## About this task
Using the data beneath this instruction, retype only the lines from the one that contains "VALEO 458933 EAN: 3276424589330." down to the one that contains "Native Union - Fast", both included, exactly as they appear.

____________________

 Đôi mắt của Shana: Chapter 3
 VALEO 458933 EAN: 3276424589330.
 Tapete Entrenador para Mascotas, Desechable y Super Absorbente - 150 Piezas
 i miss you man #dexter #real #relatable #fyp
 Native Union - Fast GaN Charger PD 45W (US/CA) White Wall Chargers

____________________

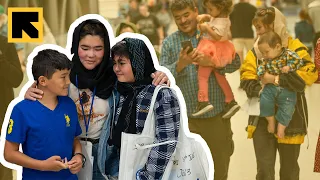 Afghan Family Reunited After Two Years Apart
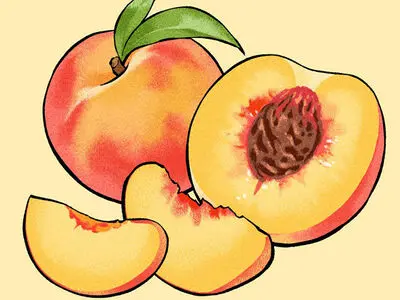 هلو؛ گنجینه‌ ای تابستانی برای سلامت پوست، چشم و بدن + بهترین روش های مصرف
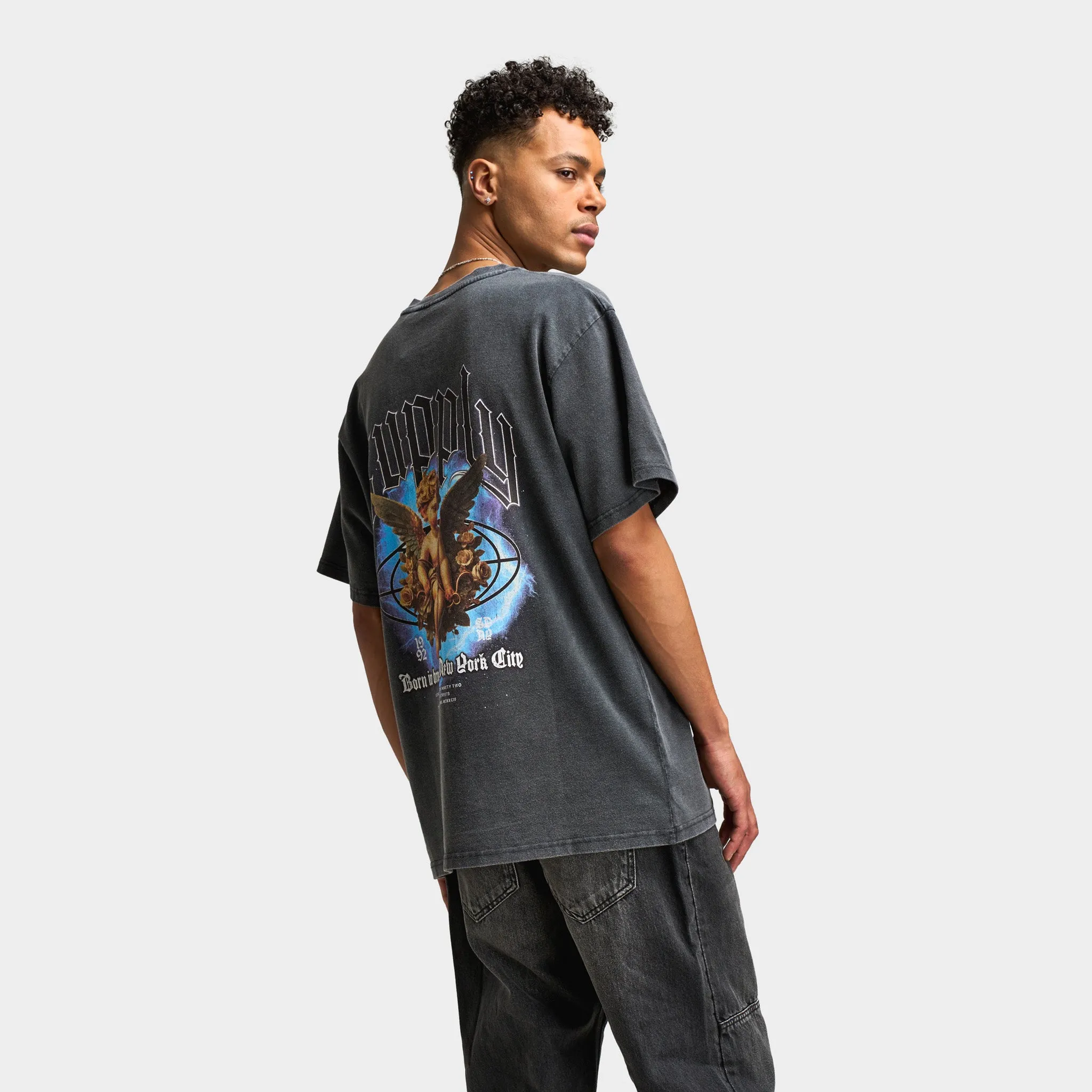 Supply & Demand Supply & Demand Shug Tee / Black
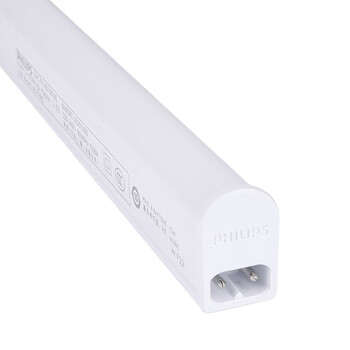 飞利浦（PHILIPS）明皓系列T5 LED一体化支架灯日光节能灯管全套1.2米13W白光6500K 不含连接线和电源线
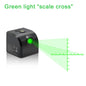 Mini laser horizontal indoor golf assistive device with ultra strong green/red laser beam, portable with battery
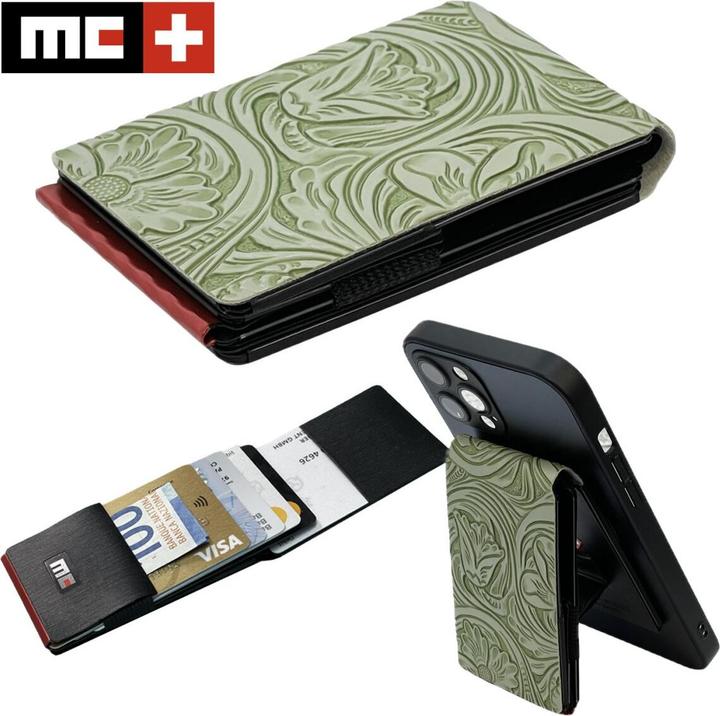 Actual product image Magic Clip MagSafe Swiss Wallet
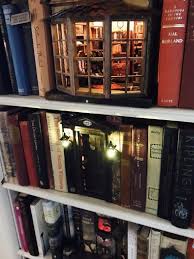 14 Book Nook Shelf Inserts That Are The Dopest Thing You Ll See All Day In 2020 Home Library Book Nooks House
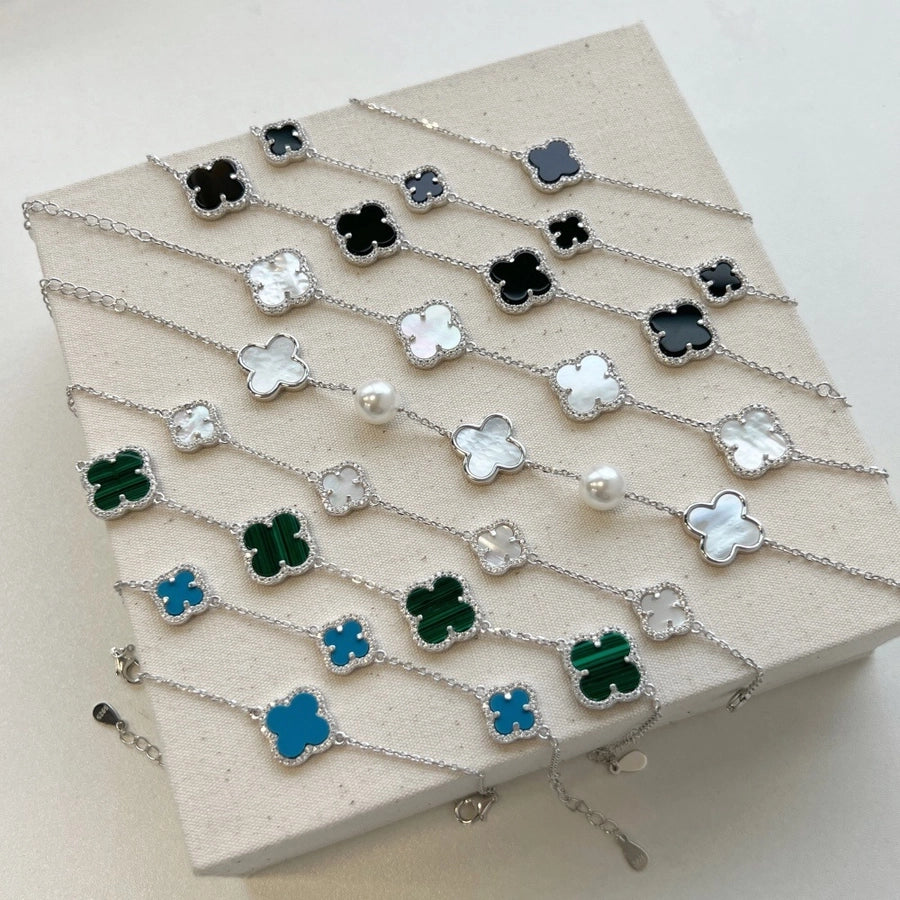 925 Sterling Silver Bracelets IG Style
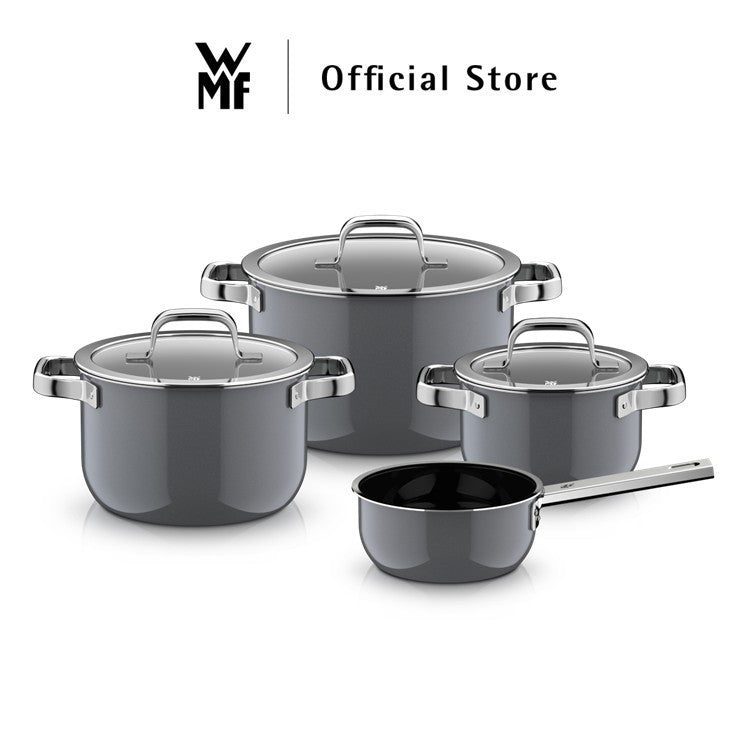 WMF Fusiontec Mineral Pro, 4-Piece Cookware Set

____________________

## The answer
 VALEO 458933 EAN: 3276424589330.
 Tapete Entrenador para Mascotas, Desechable y Super Absorbente - 150 Piezas
 i miss you man #dexter #real #relatable #fyp
 Native Union - Fast GaN Charger PD 45W (US/CA) White Wall Chargers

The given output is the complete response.